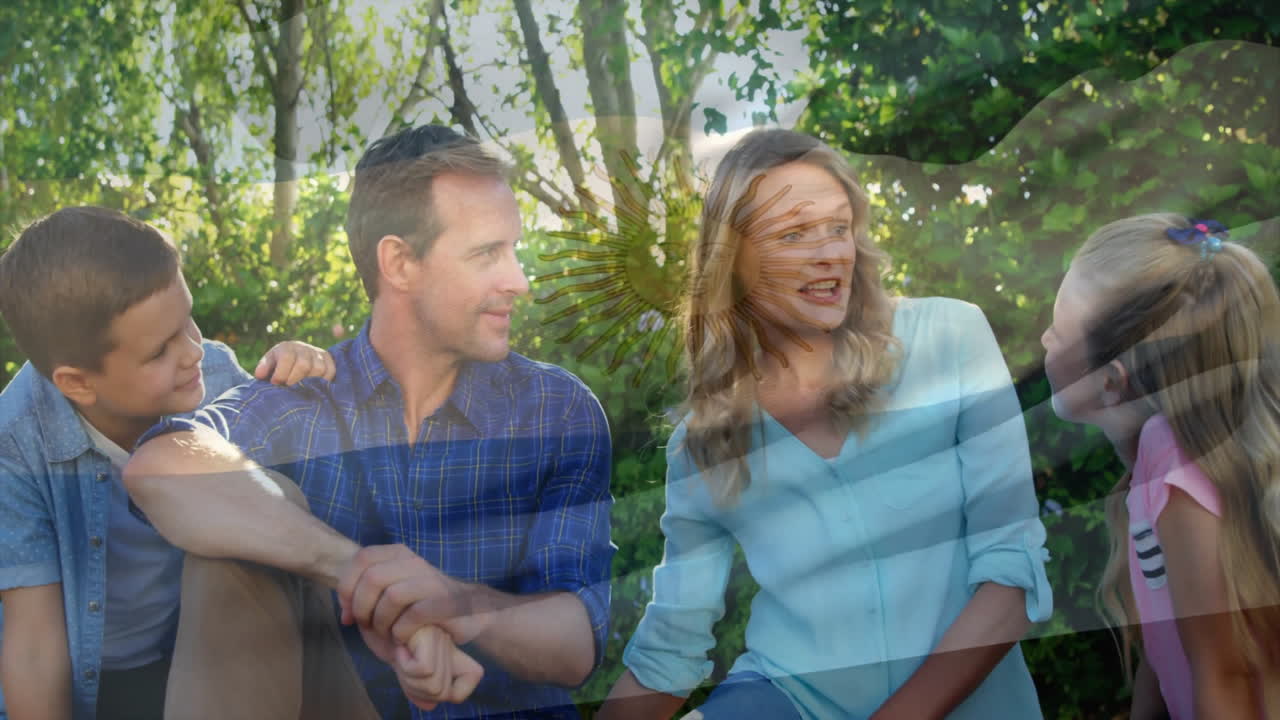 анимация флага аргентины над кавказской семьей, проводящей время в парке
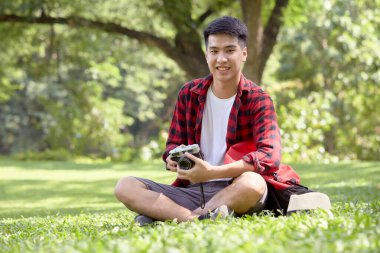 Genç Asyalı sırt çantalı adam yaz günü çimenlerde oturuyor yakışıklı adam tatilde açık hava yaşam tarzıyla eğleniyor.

---

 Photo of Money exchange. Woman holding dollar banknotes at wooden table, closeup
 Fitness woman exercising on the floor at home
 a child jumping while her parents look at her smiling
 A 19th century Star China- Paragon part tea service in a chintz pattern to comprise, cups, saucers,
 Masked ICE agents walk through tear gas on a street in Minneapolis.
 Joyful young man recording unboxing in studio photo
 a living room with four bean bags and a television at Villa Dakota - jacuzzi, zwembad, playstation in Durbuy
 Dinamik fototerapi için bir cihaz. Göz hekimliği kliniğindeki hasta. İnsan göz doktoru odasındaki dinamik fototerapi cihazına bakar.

...

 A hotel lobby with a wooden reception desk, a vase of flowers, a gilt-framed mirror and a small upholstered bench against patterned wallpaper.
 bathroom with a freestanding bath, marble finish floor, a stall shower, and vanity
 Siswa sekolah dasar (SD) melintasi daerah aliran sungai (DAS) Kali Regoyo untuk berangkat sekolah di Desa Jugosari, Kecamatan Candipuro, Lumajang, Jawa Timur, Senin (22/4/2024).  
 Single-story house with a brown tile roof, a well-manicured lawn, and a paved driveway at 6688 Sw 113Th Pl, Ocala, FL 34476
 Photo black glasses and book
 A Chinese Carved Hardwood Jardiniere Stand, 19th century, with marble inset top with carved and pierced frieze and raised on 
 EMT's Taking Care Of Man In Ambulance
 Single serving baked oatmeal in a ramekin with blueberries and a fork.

◆ About this exercise
Collect the complete line wherever the string "marble" appears in the records.

◆ Response to the exercise
 bathroom with a freestanding bath, marble finish floor, a stall shower, and vanity
 A Chinese Carved Hardwood Jardiniere Stand, 19th century, with marble inset top with carved and pierced frieze and raised on 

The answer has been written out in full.